Solve the differential equation for Newton's Law of Cooling to find the temperature function in the following cases. Then answer any additional questions. An iron rod is removed from a blacksmith's forge at a temperature of \(900^{\circ} \mathrm{C}\). Assume \(k=0.02\) and the rod cools in a room with a temperature of \(30^{\circ} \mathrm{C}\). When does the temperature of the rod reach \(100^{\circ} \mathrm{C} ?\)

Short Answer

Expert verified
Answer: The iron rod reaches a temperature of \(100^{\circ} \mathrm{C}\) after approximately \(134.86\) minutes.

Step by step solution

01

Rewrite the differential equation with the given information

Plug in the given values of \(k\) and \(T_a\) into the Newton's Law of Cooling differential equation: $$\frac{dT(t)}{dt} = -0.02(T(t) - 30)$$
02

Separate the variables

To solve this differential equation, we need to separate the variables. To do this, we rearrange the equation: $$\frac{dT(t)}{T(t) - 30} = -0.02 \, dt$$
03

Integrate both sides

Now, we will integrate both sides of the equation with respect to their respective variables: $$\int \frac{dT(t)}{T(t) - 30} = -0.02 \int dt$$ On the left side, we have a simple logarithmic integral: $$\ln|T(t) - 30| = -0.02t + C$$
04

Solve for temperature function T(t)

Now, we will find the temperature function \(T(t)\). First, we will exponentiate both sides of the equation to get: $$T(t) - 30 = e^{-0.02t + C}$$ Notice that we can write \(e^{-0.02t + C} = e^{-0.02t} \cdot e^C\). Since \(e^C\) is another constant, we can define \(A = e^C\) and rewrite the previous expression as: $$T(t) - 30 = Ae^{-0.02t}$$ Then, we solve for \(T(t)\): $$T(t) = 30 + Ae^{-0.02t}$$
05

Solve for A using the initial temperature condition

We are given that \(T(0) = 900^{\circ} \mathrm{C}\). Plugging this into our expression for \(T(t)\): $$900 = 30 + Ae^{-0.02(0)}$$ Solve for A: $$A = 870$$ Thus, the temperature function is given by: $$T(t) = 30 + 870e^{-0.02t}$$
06

Find the time when the temperature reaches \(100^{\circ} \mathrm{C}\)
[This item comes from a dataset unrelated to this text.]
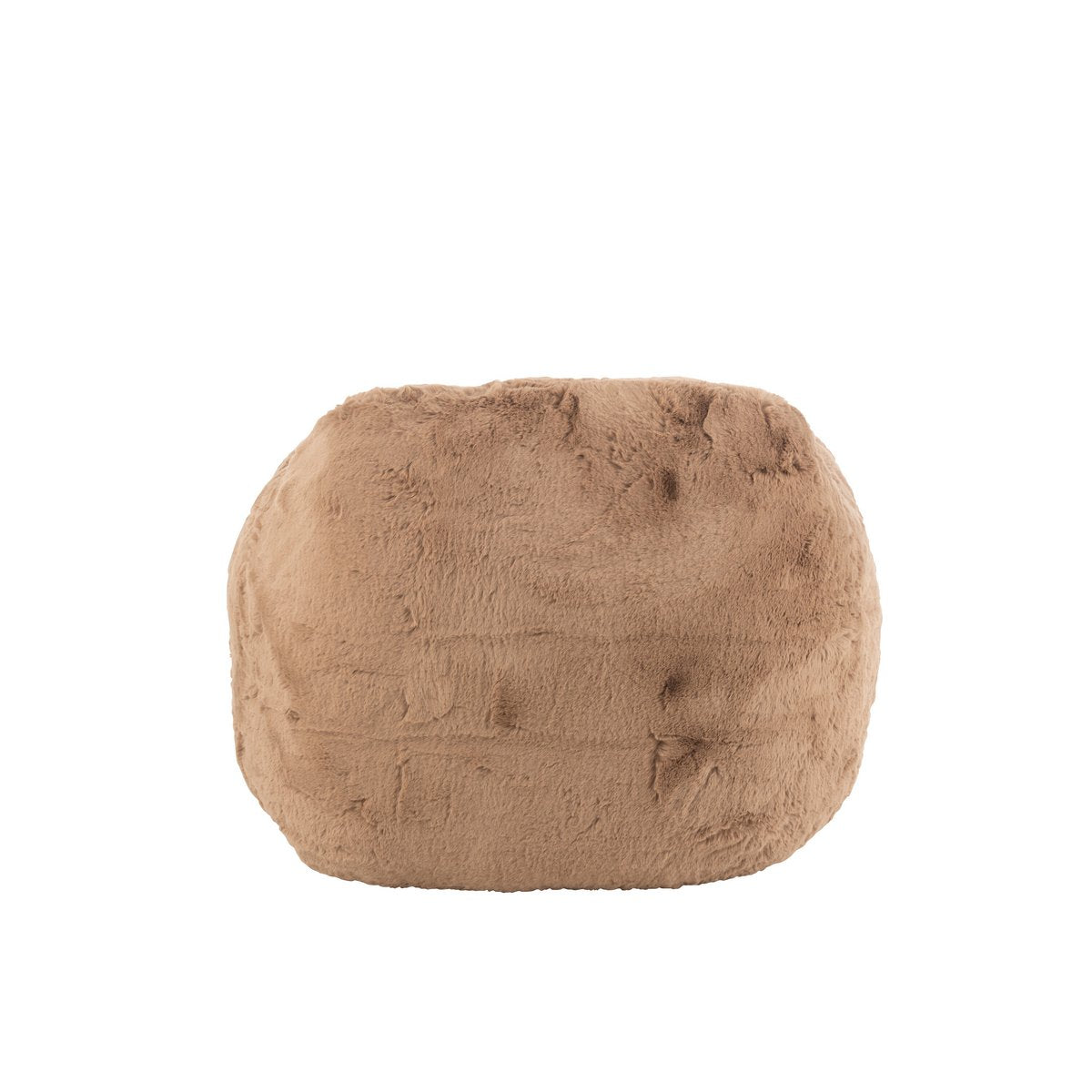J-Line Canapé Cutie Polyester Taupe Petit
Now, we want to find the time \(t\) when the temperature \(T(t) = 100^{\circ} \mathrm{C}\). Plugging this value into our temperature function: $$100 = 30 + 870e^{-0.02t}$$ Rearrange and solve for \(t\): $$e^{-0.02t} = \frac{70}{870}$$ $$-0.02t = \ln{\frac{70}{870}}$$ $$t = \frac{\ln{\frac{70}{870}}}{-0.02} $$ Now, use a calculator to find the numerical value of \(t\): $$t \approx 134.86 \, \mathrm{minutes}$$ So, the temperature of the rod reaches \(100^{\circ} \mathrm{C}\) after approximately \(134.86\) minutes.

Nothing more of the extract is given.